══ Dataset content ══

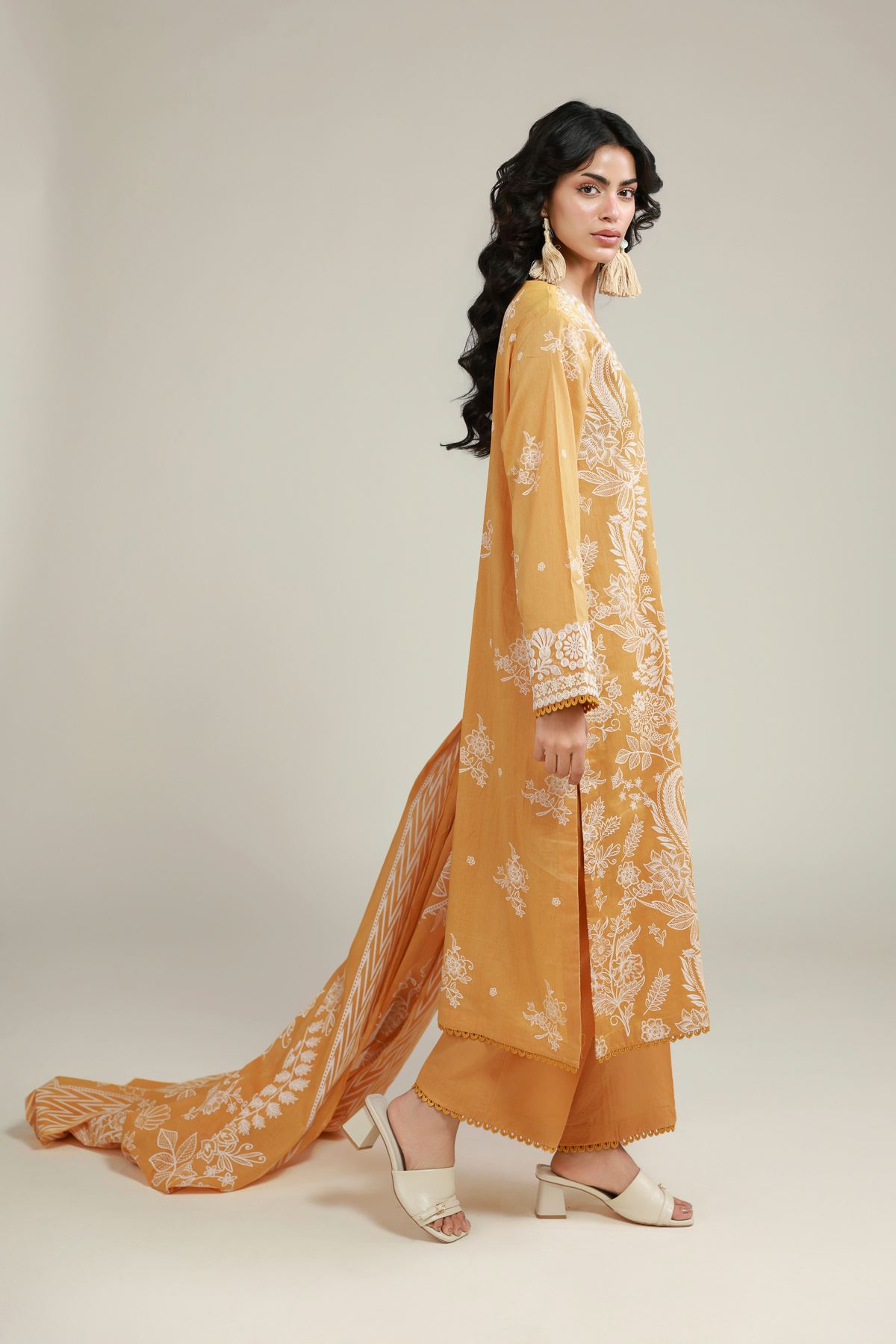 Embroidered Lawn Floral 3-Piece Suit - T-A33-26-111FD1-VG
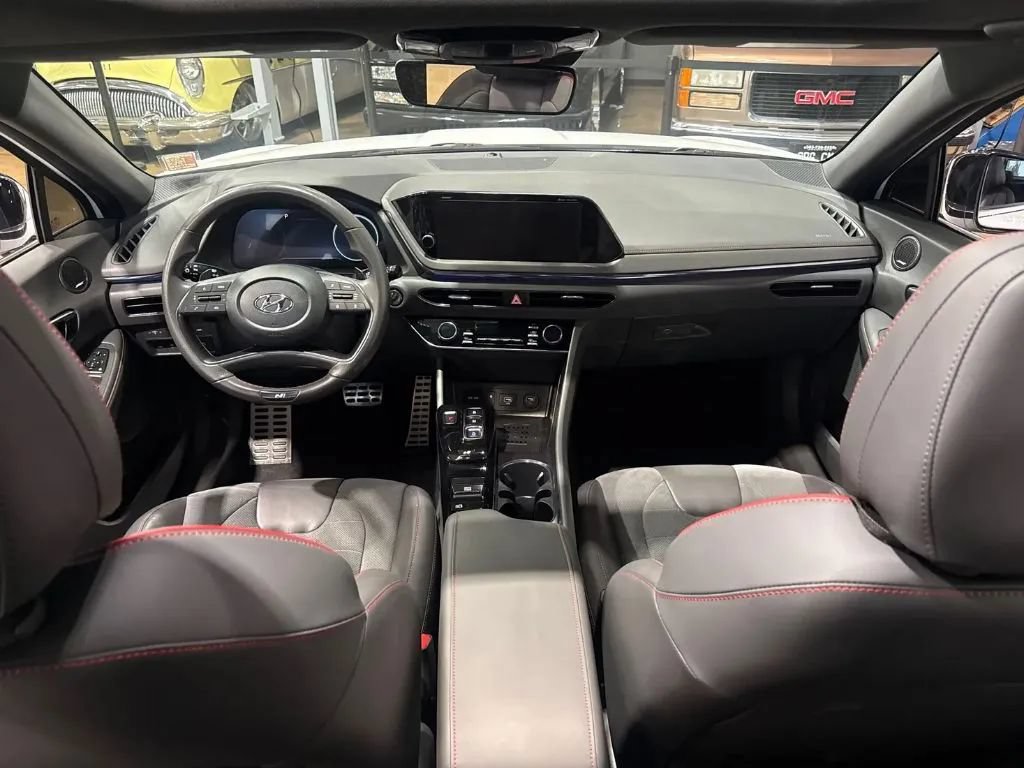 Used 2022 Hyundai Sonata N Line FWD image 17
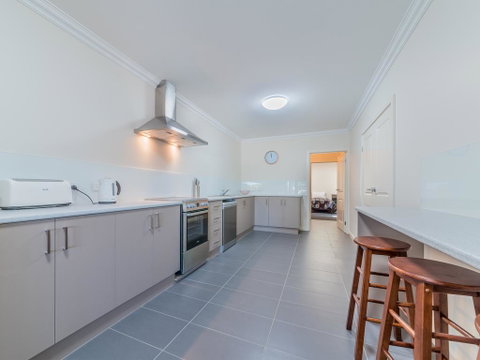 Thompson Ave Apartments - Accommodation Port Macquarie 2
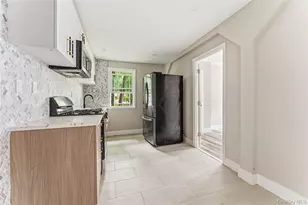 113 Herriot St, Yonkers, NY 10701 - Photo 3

═══

Your task is to reproduce exactly the lines from the one that holds "Used 2022 Hyundai Sonata N Line FWD image 17" to the last line of the listing, and only those, omitting the pictures.

 Used 2022 Hyundai Sonata N Line FWD image 17
 Thompson Ave Apartments - Accommodation Port Macquarie 2
 113 Herriot St, Yonkers, NY 10701 - Photo 3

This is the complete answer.